[[ Records to use, beginning ]]

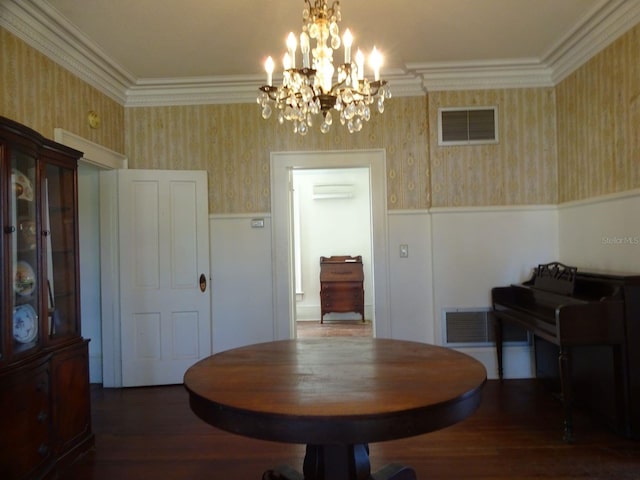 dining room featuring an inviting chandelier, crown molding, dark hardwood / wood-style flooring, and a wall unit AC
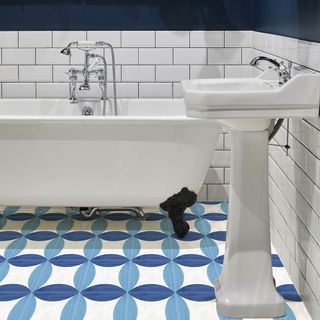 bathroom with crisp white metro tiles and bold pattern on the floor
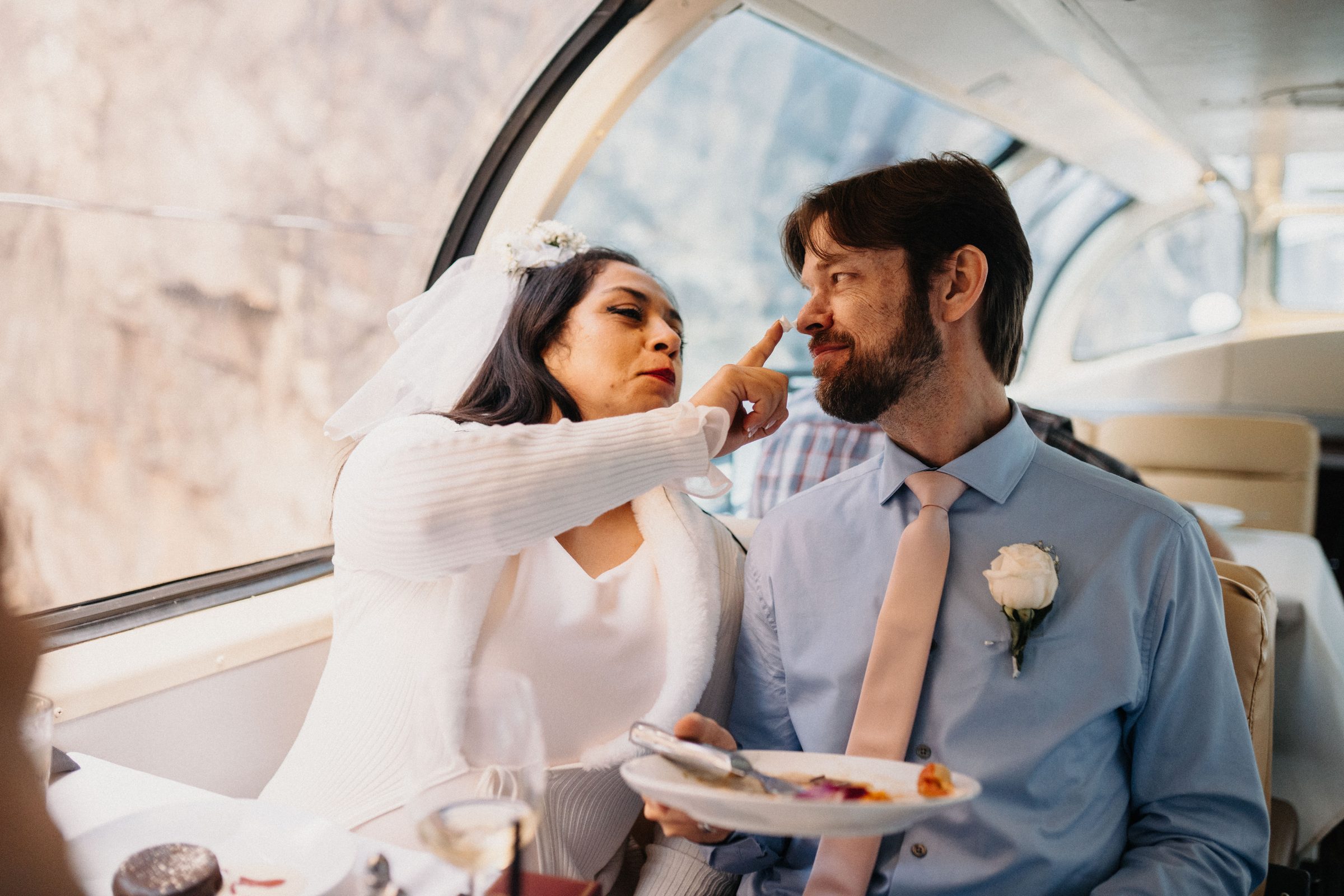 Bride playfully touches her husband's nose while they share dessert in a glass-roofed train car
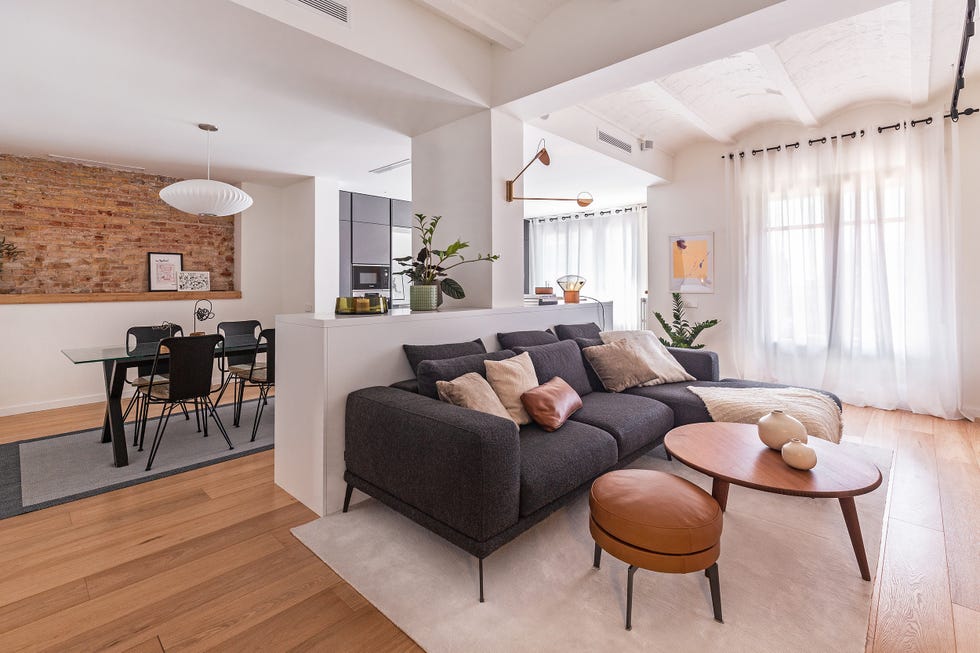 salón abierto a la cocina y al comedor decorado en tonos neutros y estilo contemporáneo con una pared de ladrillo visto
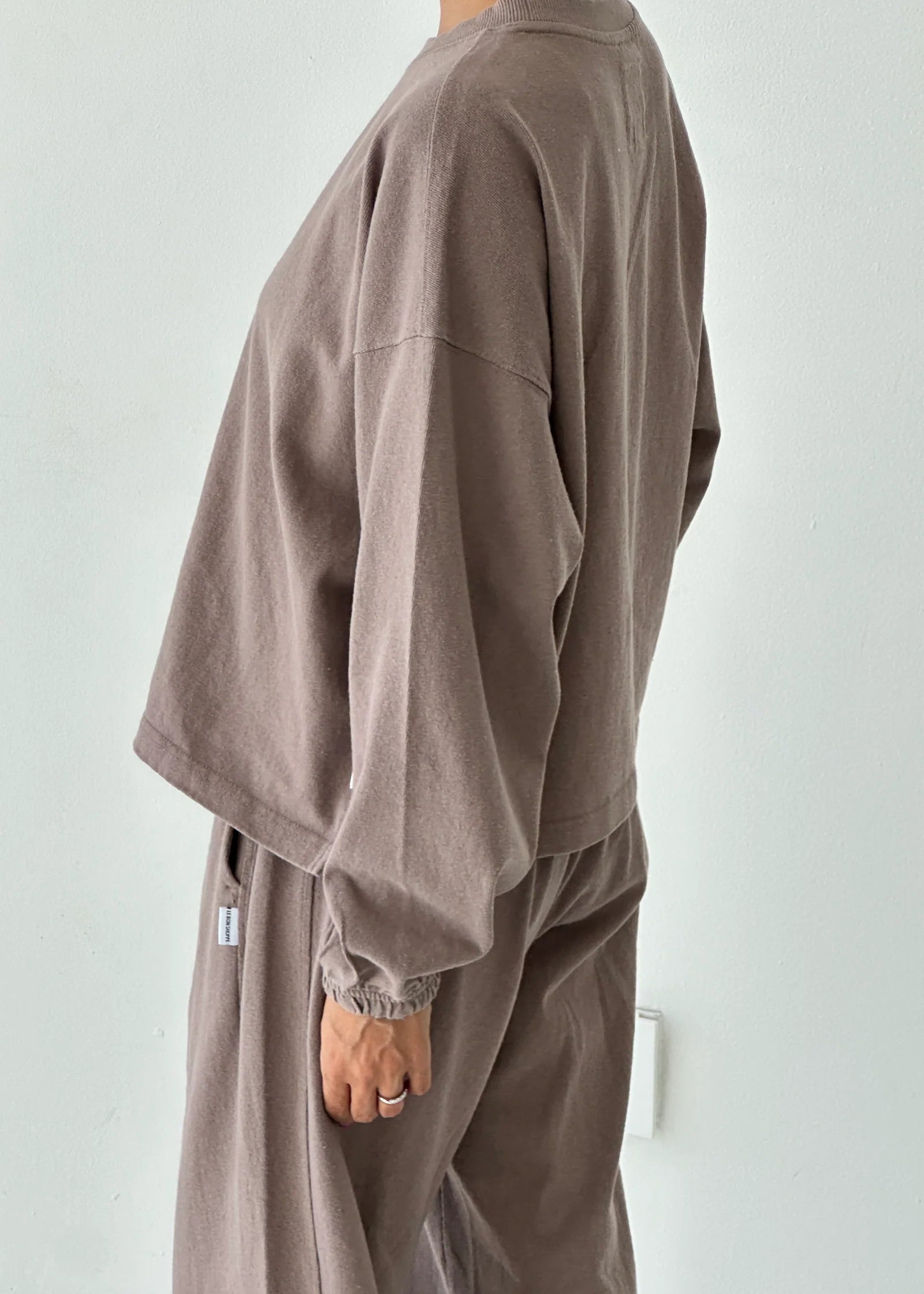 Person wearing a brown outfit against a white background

[[ Records to use, end ]]

**Task brief**
Give back the entries verbatim. Do not include any picture.

**Reply**
 dining room featuring an inviting chandelier, crown molding, dark hardwood / wood-style flooring, and a wall unit AC
 bathroom with crisp white metro tiles and bold pattern on the floor
 Bride playfully touches her husband's nose while they share dessert in a glass-roofed train car
 salón abierto a la cocina y al comedor decorado en tonos neutros y estilo contemporáneo con una pared de ladrillo visto
 Person wearing a brown outfit against a white background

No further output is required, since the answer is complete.